La tension monte entre les communes et les CFF

Carte journalière • La restriction horaire de la carte journalière CFF des communes, dont la validité commencera à 9h en semaine dès 2011, fâche l’Association des Communes Suisses. Elle a fait part de son désaccord auprès de l’Union des Transports Publics et Monsieur Prix.

Restriction horaire pour la carte journalière. DR

Il y a de l’eau dans le gaz entre l’Association des Communes Suisses (ACS) et les Chemins de fers Fédéraux (CFF). Le 12 décembre 2009, l’entreprise de transport, par l’intermédiaire de l’Union des Transports Publics (UTP), annonçait ses nouveaux tarifs. Mauvaise surprise: pour 2011, le prix de la carte journalière achetée par les communes augmentera de 15% et sa validité commencera à partir de 9h en semaine. Cette restriction d’horaire a créé un vif tollé au sein des communes qui acceptent mal de payer plus et d’avoir moins. D’autant que, selon l’ACS, peu de gens sont intéressés par une carte journalière qui commence à 9 heures.

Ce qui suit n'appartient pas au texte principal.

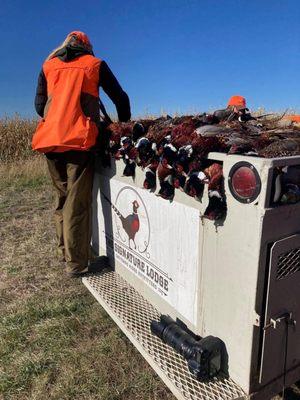 Cheyenne Ridge Signature Lodge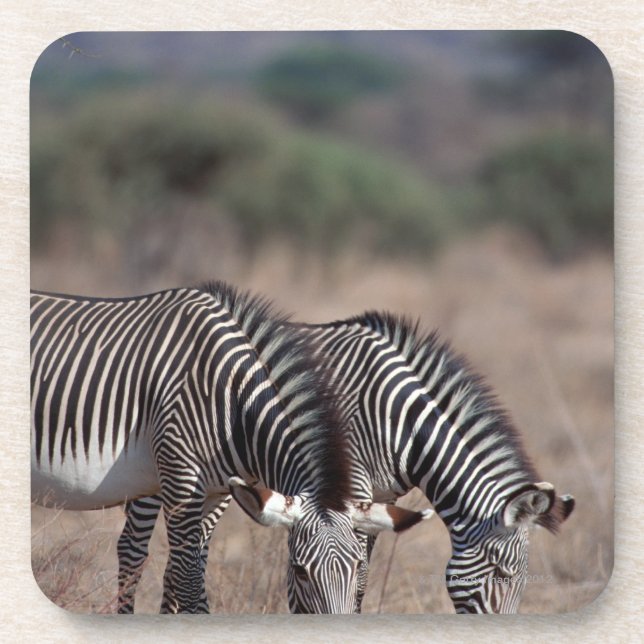Zebra Coaster (Front)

Point de mire: l’heure de pointe
«D’après nos sondages, 90% des utilisateurs de la carte prennent le train entre 7 et 8 heures. Et pour cause, il est rare, par exemple, de partir après 9h pour se rendre aux Chutes du Rhin!» explique Gustave Muheim, syndic de Belmont et vice-président du comité de l’ACS. Pour rappel, la carte journalière permet aux habitants d’une commune de bénéficier à prix réduit d’un transport en train sur une journée et dans toute la Suisse. Et la plupart l’utilisent pour faire des excursions. Or le créneau 7-8h correspond à celui des pendulaires. D’où l’argument de l’UTP pour justifier la limitation d’horaire: cela permettra de désengorger les trains aux heures de pointe. Mais cette raison ne convainc pas L’ACS qui considère que les utilisateurs de la carte journalière ne représentent pas 1% des voyageurs. Pis, elle voit dans cette limitation une mort annoncée de la carte à court terme «Si l’UTP ne change pas la restriction horaire, il est certain que la commune de Belmont, comme d’autres, renoncera à ce service à la population» annonce déjà Gustave Muheim.

Discussions en cours
L’ACS a fait part de ses revendications au Surveillant des Prix, Stefan Meierhans, et a envoyé un courrier de désapprobation auprès de l’UTP. Pour l’heure, des discussions sont menées entre l’UTP et Monsieur Prix. Elles devraient aboutir sur une décision à la fin juillet. Mais le Directeur de l’ACS, Ulrich König, prévient: «Si l’UTP reste sur ses positions, il sera impossible pour notre association de s’y opposer juridiquement. Seules une pétition des communes ou une pétition populaire pourraient alors changer les choses.»